As the storm clears up, O'Shea throws away his flask, and the two return to town. Unknown to anyone, more Grabber eggs buried on the beach are about to hatch.

==Cast==
- Richard Coyle as Garda Ciarán O'Shea
- Ruth Bradley as Garda Lisa Nolan
- Russell Tovey as Dr. Smith
- Lalor Roddy as Paddy Barrett
- David Pearse as Brian Maher
- Bronagh Gallagher as Una Maher
- Pascal Scott as Dr Jim Gleeson
- Ned Dennehy as Declan Cooney
- Clelia Murphy as Irene Murphy
- Louis Dempsey as Tadhg Murphy
- Stuart Graham as Skipper
- Micheál Ó Gruagáin as Father Potts
- Darran Watt as Tommy (Islander)

==Release==
The film premièred at the 2012 Sundance Film Festival and played at the Edinburgh International Film Festival in June 2012. The film continued its festival run across the world screening at Karlovy Vary International Film Festival, Taormina Film Fest, Fantasia Film Festival, PIFAN, Sitges, Toronto After Dark Film Festival, Strasbourg European Fantastic Film Festival, London FrightFest Film Festival and held its Irish première in July 2012 as the opening film of the 24th Galway Film Fleadh.

==Reception==
===Critical response===
On Rotten Tomatoes the film has an approval rating of 72% based on reviews from 32 critics, with an average rating of 6.23/10. On Metacritic it has a score of 62 out of 100 based on reviews from 12 critics, indicating "generally favorable reviews".
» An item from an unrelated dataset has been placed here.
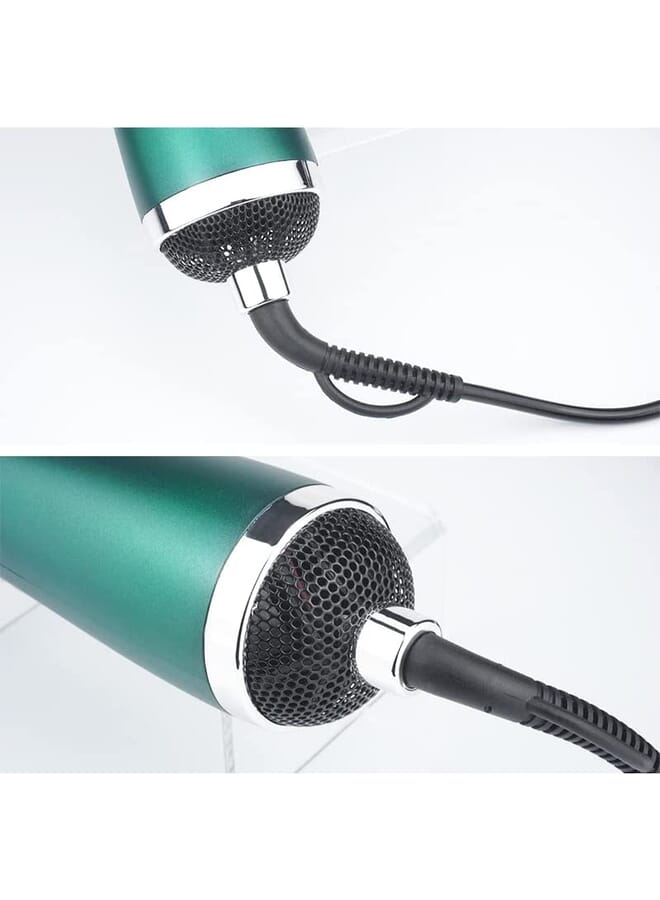 PROMASS Electric Hair Dryer 3 In1 Hair Styling Tools Curler/Straightener Straight Hair Comb Dry Hair Fast .(Green) - Image 3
Damon Wise of Empire film magazine described it as "a romantic but surprisingly scary monster movie that feels like a lost Amblin flick, shaken and stirred with a dash of The Guard. ... a finely crafted tribute to a long-lost style of filmmaking [that] stands up in its own right too." Matt Glasby of Total Film rated it 3/5 stars and called it "a bright, breezy Irish monster mash boasting gorgeous cinematography, appealing performances and great SFX". Gareth Jones of DreadCentral rated it 4/5 stars and said, "it is one hell of a good time that offers plenty of laughs, excellent characters and performances, and big slimy monsters." Jordan Hoffman of US cable channel IFC summed the film up as "a delightful romp", while Upcoming Movies gave it four stars and called it a "fun, monster movie roller coaster" with a "mix of laughs and scares". The Daily Telegraphs Robbie Collin called it a "cherishable Irish B-picture ... with an unimprovable premise".

Kim Newman of Screen Daily said of the film: "Kevin Lehane's smart script is canny enough to sidestep the expectations of fans who might think they know how films like this are supposed to play out, while the monsters are as well-realised as anything in far more costly productions." Donald Clarke of The Irish Times said, "Grabbers has an atmosphere all its own: the humour is earthy without being patronising; the action sequences are both absurd and properly exciting." Peter Bradshaw of The Guardian rated the film 3/5 stars and described it as "a likable and technically impressive comedy-horror" that is "fantastically silly, often funny". Sam Adams of The A.V. Club rated the film B− and criticized the film's climax as "a letdown" and "cheap imitation" compared to the first half's "sharp-edged parody". Marc Mohan of The Oregonian rated it C− and called it "a one-dimensional, one-joke film." In a negative review for Variety, Dennis Harvey called the film polished and watchable, but criticized the writing as "pretty tepid, middlebrow stuff". Nigel Andrews of the Financial Times rated it 1/5 stars and said, "For a horror comedy it needed some comedy and some horror."

===Accolades===

At the Edinburgh International Film Festival, it was announced as one of the "Best of the Fest" of the 2012 line-up. At the Strasbourg European Fantastic Film Festival, it won the Audience Prize for Best Film, and at NIFFF, it won two awards: the Audience Award for best film and the Titra Film Award.

The film picked up two 2014 Fangoria Chainsaw Award nominations for Best Script for Kevin Lehane and Best Creature/FX for Shaune Harrison and Paddy Eason. It was also nominated for a Writers' Guild of Great Britain Award for Best First Feature for Kevin Lehane as well as for four IFTAs at the 2013 Irish Film and Television Awards. Bronagh Gallagher for Best Supporting Actress, Kevin Lehane for Best Feature Script, producers David Collins and Martina Niland of Samson Films, alongside Forward Films and High Treason Productions were nominated for Best Film and Ruth Bradley was nominated and won for Best Actress.